• Image-caption web data
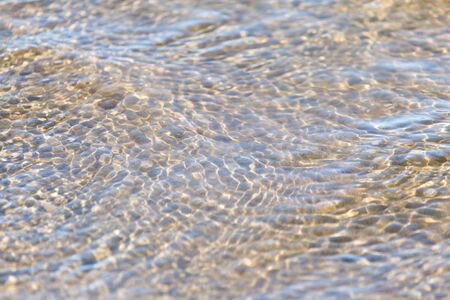 Background of the surface water on the shore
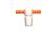 Key-Head Color-Coded Medium Length Solid PTFE Stopper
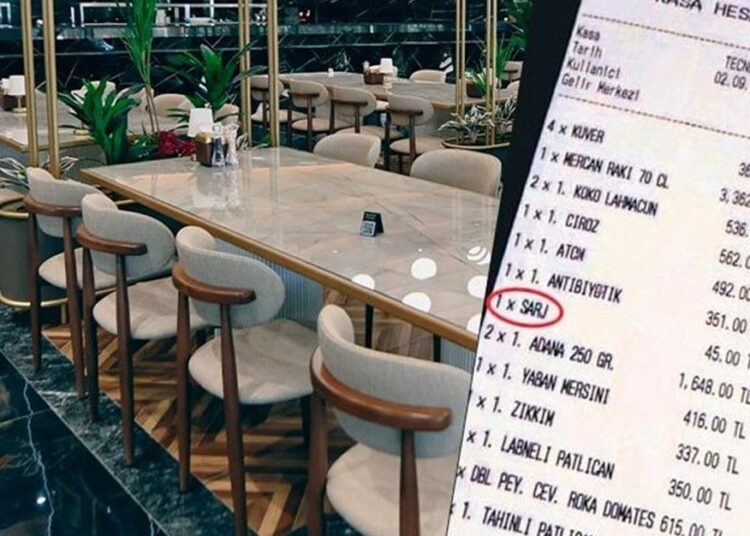 Hesaba telefon şarj ücreti ekleyen restorana bakanlıktan ceza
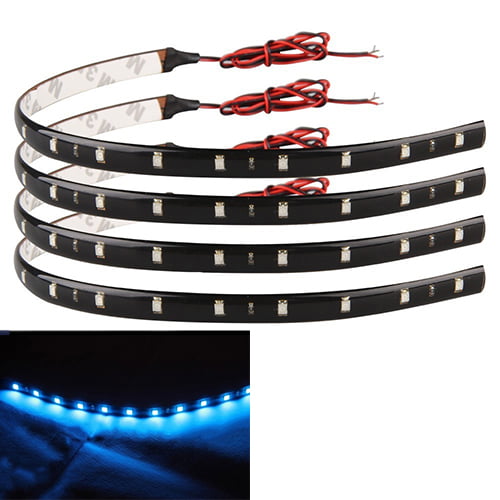 4 x12 inch Led strip Grill Car Truck Boat  Decorated Flexible LED Strip White 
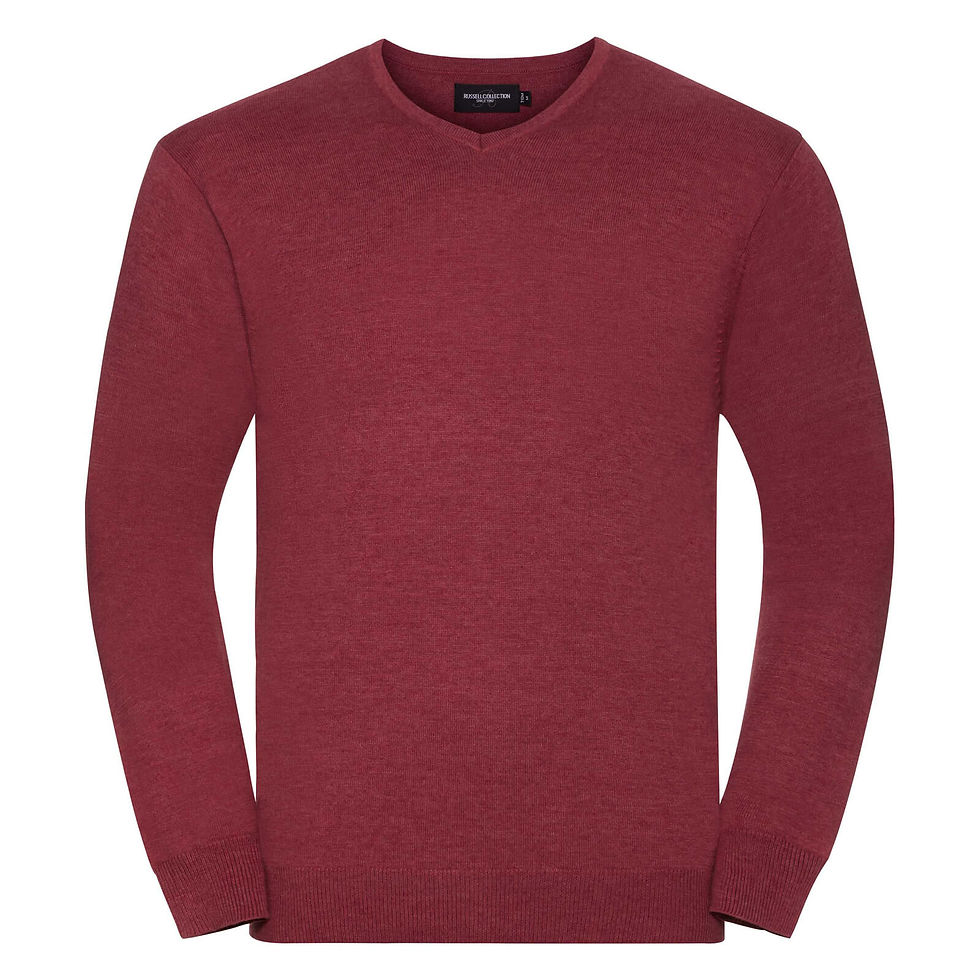 Miniatura: Men’s V-Neck Knitted Pullover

• Task
Above are records with pictures; repeat them exactly, but without the pictures.

• Output of the task
 Background of the surface water on the shore
 Key-Head Color-Coded Medium Length Solid PTFE Stopper
 Hesaba telefon şarj ücreti ekleyen restorana bakanlıktan ceza
 4 x12 inch Led strip Grill Car Truck Boat  Decorated Flexible LED Strip White 
 Miniatura: Men’s V-Neck Knitted Pullover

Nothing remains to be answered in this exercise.